Nahuelito
- Purported sighting of Nahuelito (circa 1988)

Creature information
- Sub grouping: Lake Monster / Sea Serpent
- Similar entities: Loch Ness Monster, Ogopogo, Altamaha-ha, Tahoe Tessie

Origin
- Country: Argentina
- Region: Nahuel Huapi Lake
- Habitat: Water

= Nahuelito =

Alleged lake monster in Argentina

Nahuelito is a lake monster purported to live in Nahuel Huapi Lake, Patagonia, Argentina. Like Nessie, the Loch Ness Monster, the Argentine creature is named after the lake it supposedly resides in and has been described as a giant serpent or a huge hump, as well as a plesiosaur. Nahuelito has been allegedly shown through photos showing a hump or a serpentine body.

==History==
The monster's name means yaguarete, which is a large felid species from the Americas. The origin of the current legend is believed to go back to indigenous stories prior to the colonization of the Americas. The first colonizers obtained from the native population stories about occasional encounters with aquatic monsters. In 1897, Dr. Clemente Onelli, director of the Buenos Aires Zoo, began to receive sporadic reports about a possible strange creature inhabiting the Patagonian lakes.

In 1910, George Garret worked at a company located near the Nahuel Huapi. After navigating the lake, he was preparing to disembark when he witnessed a creature about 400 m away, the visible part of which was between 5 and 7 m long and protruded about 2 m above the water. Commenting on his experience with the locals, Garret learned of similar stories told by the indigenous people. But Garret's sighting in 1910 was only made public in 1922, when he recounted it to the Toronto Globe newspaper. It was echoed in the international press, which he took as motivation to organize the first expedition to search for Nahuelito. The Buenos Aires Zoo has been attempting to collect evidence of a plesiosaur in Argentina's Patagonian lakes since 1922, under the patronage of Clemente Onelli, but no consequential evidence has been found. The small lake where the presence of the creature was claimed is known today as Laguna del Plesiosaurio (Plesiosaur's lagoon).

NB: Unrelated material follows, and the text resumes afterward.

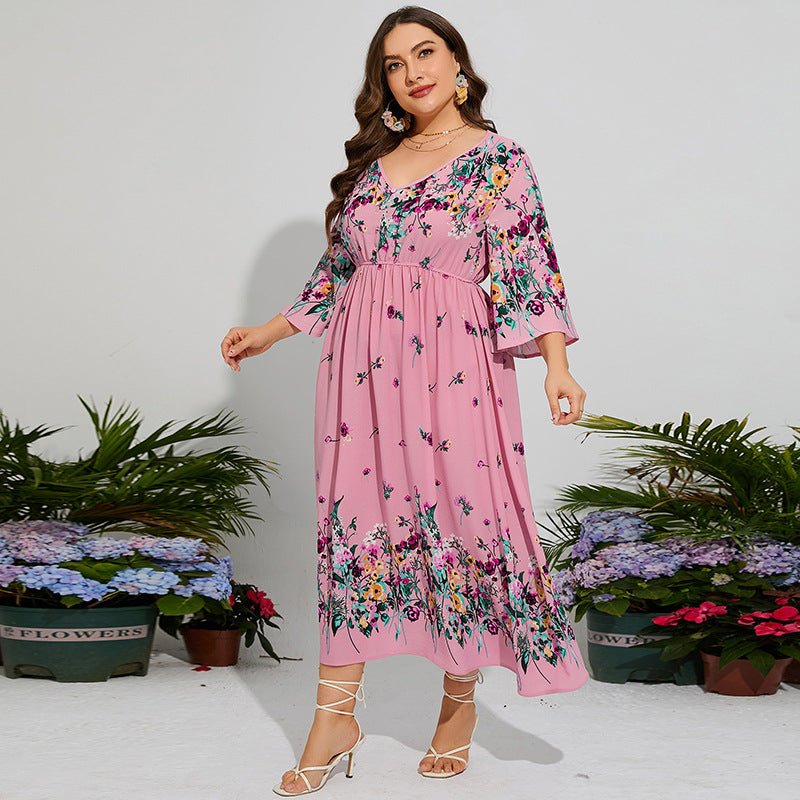 Women Vacation Elegant Tiny Flower Maxi Dress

In 1960, the Argentine Navy was said to have chased an unidentified underwater object in the lake for 18 days, without being able to identify it, which some people related to this alleged creature.

In 1988, photos of the Nahuelito were published in a magazine of the Río Negro newspaper. These were taken at a short distance with a film camera, in which the object was near the coast of Bariloche. A man, who did not reveal his name, said in a letter he left with the photos, "It is not a log of whimsical shapes. It is not a wave. Nahuelito showed his face".